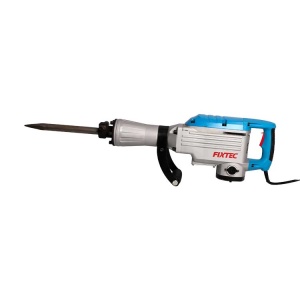 Spargator de Demolare FIXTEC 1500W cu Control Viteza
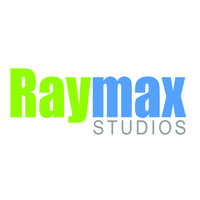 Raymax Studios Logo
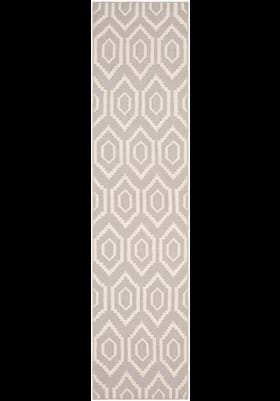 Safavieh DHU556G Grey Ivory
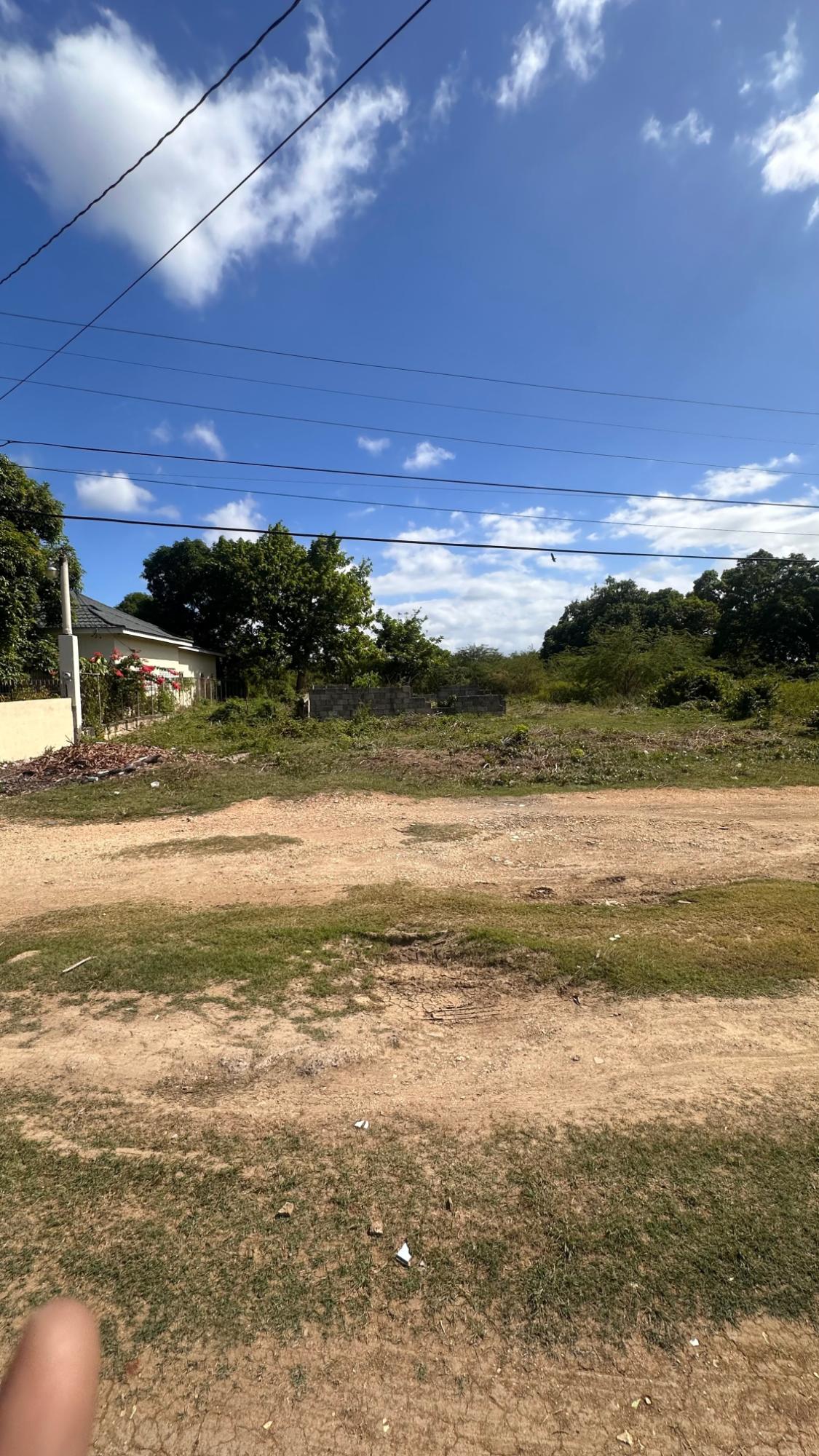 Second image of 19 Lewis Avenue in Denbigh, Clarendon, Jamaica - property is For Sale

* _WHAT YOU WILL DO_: Retype the full listing exactly; pictures stay out.

* _RESULT FOR THIS TASK_:
 Spargator de Demolare FIXTEC 1500W cu Control Viteza
 Raymax Studios Logo
 Safavieh DHU556G Grey Ivory
 Second image of 19 Lewis Avenue in Denbigh, Clarendon, Jamaica - property is For Sale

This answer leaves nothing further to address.